Donc si tu peux, utilise un lecteur de CD externe.


----------



## Pascal 77 (18 Août 2008)

DarkPeDrO a dit:


> D'après ce que j'en ai lu c'est très dangereux, cela peut rendre inutilisable ton lecteur CD en abimant la lentille.
> 
> Donc si tu peux, utilise un lecteur de CD externe.



Judicieux conseil.

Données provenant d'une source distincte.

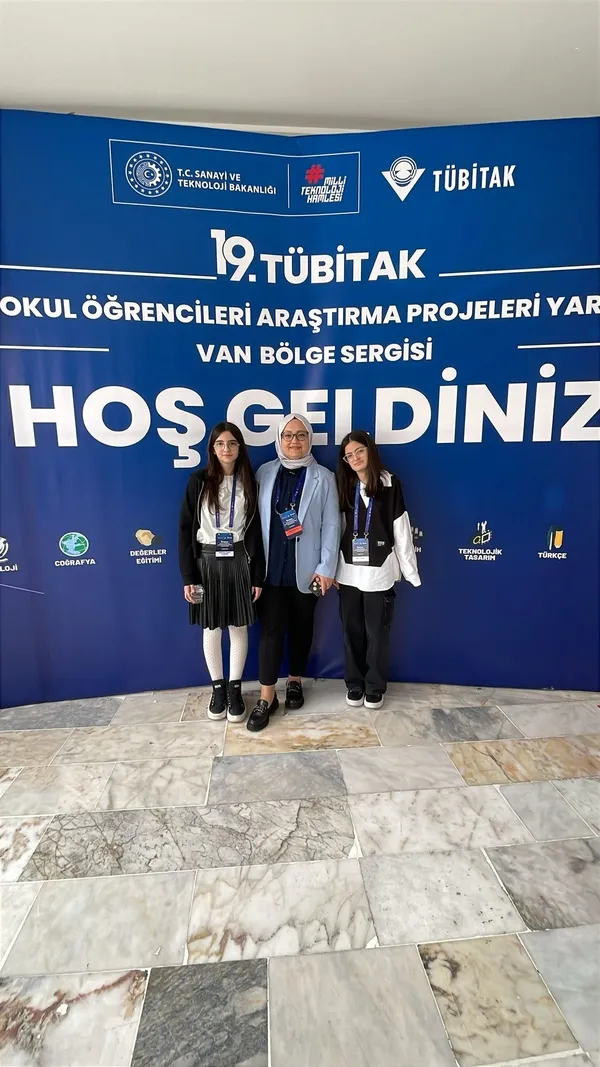 tubitak-bolge-finalinde-agridan-ogrenciler-odulleri-topladi-1744478230918.jpg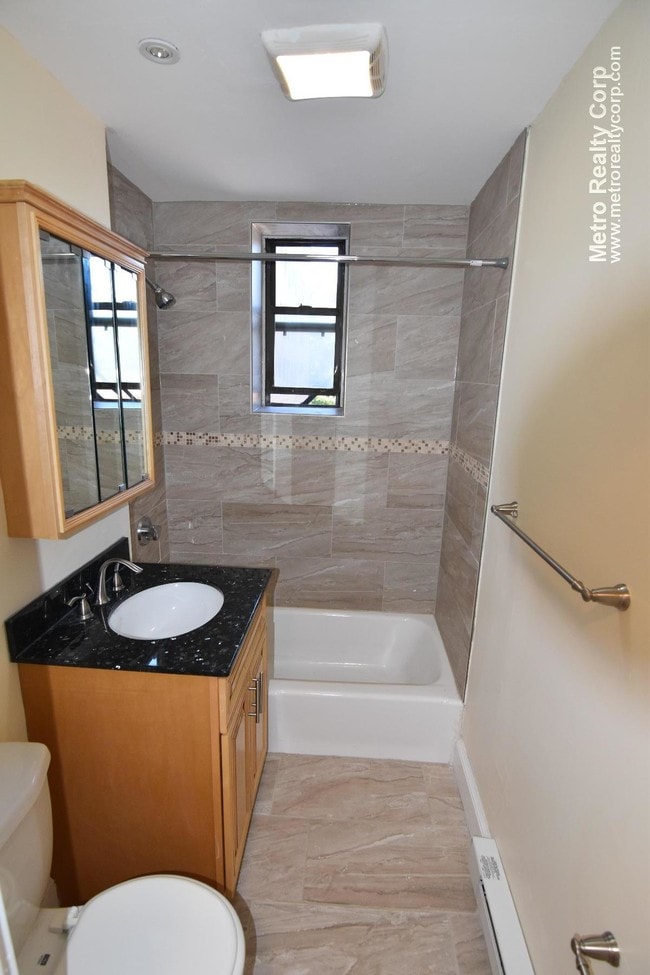 Building Photo - 379 Broadway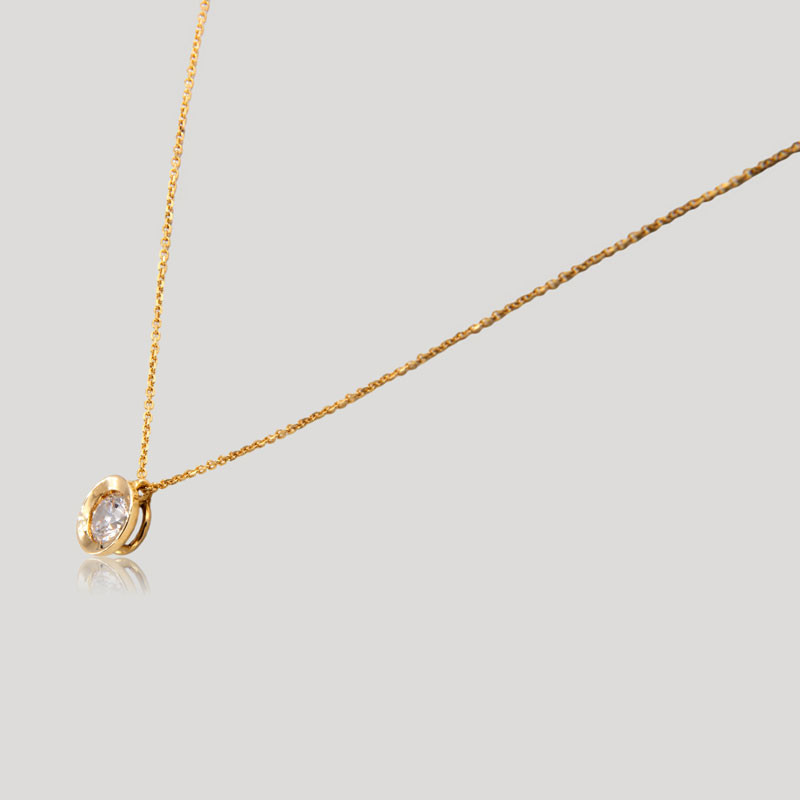 35100085-collier-solitaire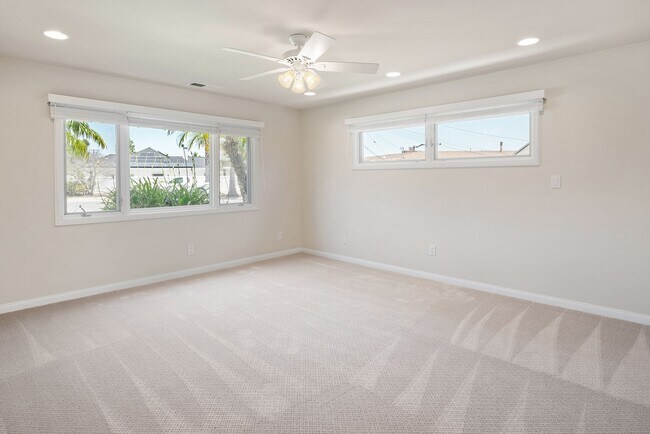 Building Photo - Custom Single Story in coveted Alvarado Es...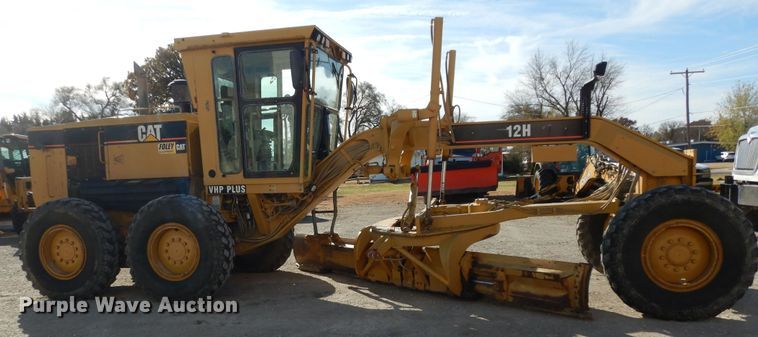 image for item DI6829 2004 Caterpillar 12H VHP Plus  rigid frame motor grader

Il a existé un temps des adaptateurs pour les CD de 8cm mais les "slot-in de l'époque étaient au format 5,25 standard, et ne fonctionnaient pas forcément comme les actuels sur le plan "mécanisme d'introduction", donc, même si tu en trouves un, il n'est pas certain que ça ne pose pas problème.


----------



## lmmm (18 Août 2008)

pour l avoir essayer au tout debut des camescopes mini dvd au boulot,
le disque est resté coincé dans le imac ..
donc abstiens toi ...


----------



## groovyjoh (21 Août 2008)

Merci pour vos conseils....j'ai bien fait de ne pas tenter

...c'est mal foutu quand même! obligé de repasser par mon PC pour lire les mini DVD!!!
Aller, on va quand même pardonner Apple!


----------



## r e m y (21 Août 2008)

Si tu veux vraiment te débarasser de ton PC, tu peux aussi te trouver un lecteur de DVD externe (lecteur à tiroir) pour y lire ces miniDVD...


----------